# PhotoShop "Lite"?



## ConqSoft (Jul 30, 2004)

Hello.  First post on the site.  New to Mac's.  Just picked up a 14" iBook last week.

I'm a long-time windows user, and for my graphics needs, I use Paint Shop Pro (www.jasc.com).  It has almost all the features of PhotoShop, but at 1/6th the price.  

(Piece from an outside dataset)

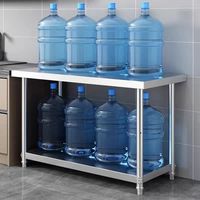 Plan de travail en acier inoxydable à 3 ou 2 étagères pour restaurants, table de préparation et d'emballage de cuisine durable et facile à nettoyer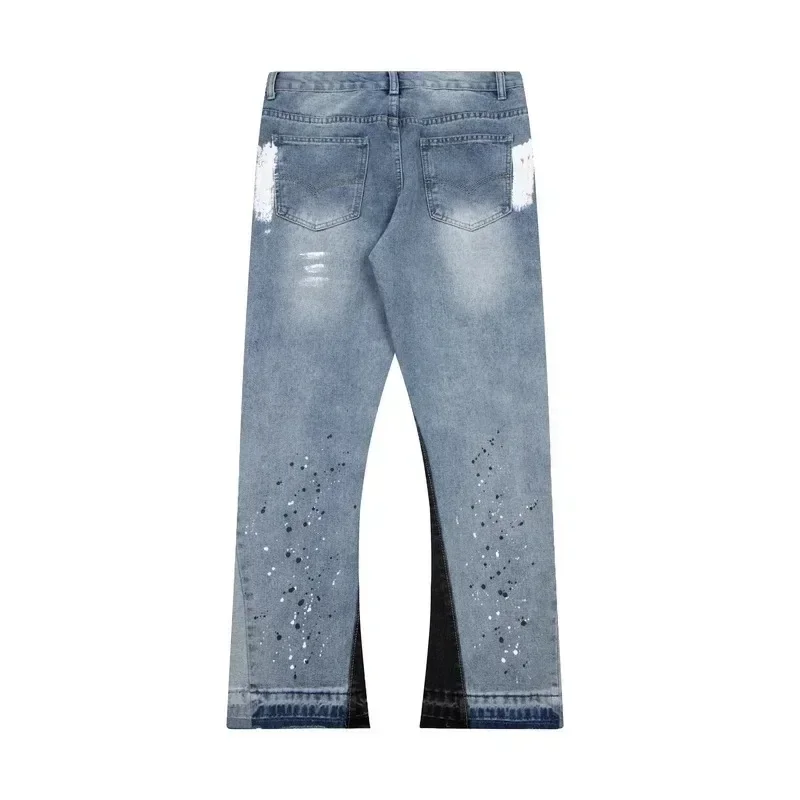 Pantalones vaqueros holgados de moda para hombre y mujer, estilo urbano americano, con parches de tinta salpicada, teñido anudado, corte recto, ajustado, micro acampanados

Is there anything similar for OSX?  I just do basic editing/cropping/resizing/text overlays for the most part.

Thanks


----------



## chevy (Jul 30, 2004)

PhotoShop Elements maybe ?
http://www.adobe.com/products/photoshopel/main.html


----------



## bobw (Jul 30, 2004)

GraphicConverter;

http://www.versiontracker.com/dyn/moreinfo/macosx/11559


----------



## chevy (Jul 30, 2004)

End when you will master the Mac... try The Gimp !


----------



## ConqSoft (Jul 30, 2004)

chevy said:
			
		

> PhotoShop Elements maybe ?
> http://www.adobe.com/products/photoshopel/main.html



Yep!  Looks like that will do it.  Dunno how I overlooked that on Adobe's site.    

Thanks


----------



## chevy (Jul 30, 2004)

That's probably the software you will prefer as a Mac beginners: it looks really like its Windows counterpart.
Later, you will probably use GraphicConverter that is the most powerful software to generate any kind of format (shareware of incredible quality).
The Gimp is for you if you need something with more functionalities, but this requires that you use the UNIX face of Mac. or maybe by the time you need it, it will be completely ported to MacOS-X.


----------



## Natobasso (Jul 31, 2004)

Conqsoft, welcome to the board! I am sure you will find a great bunch of people here, and most of the time when you have a problem it darn well gets answered! 

Keep on postin, and enjoy the mac.


----------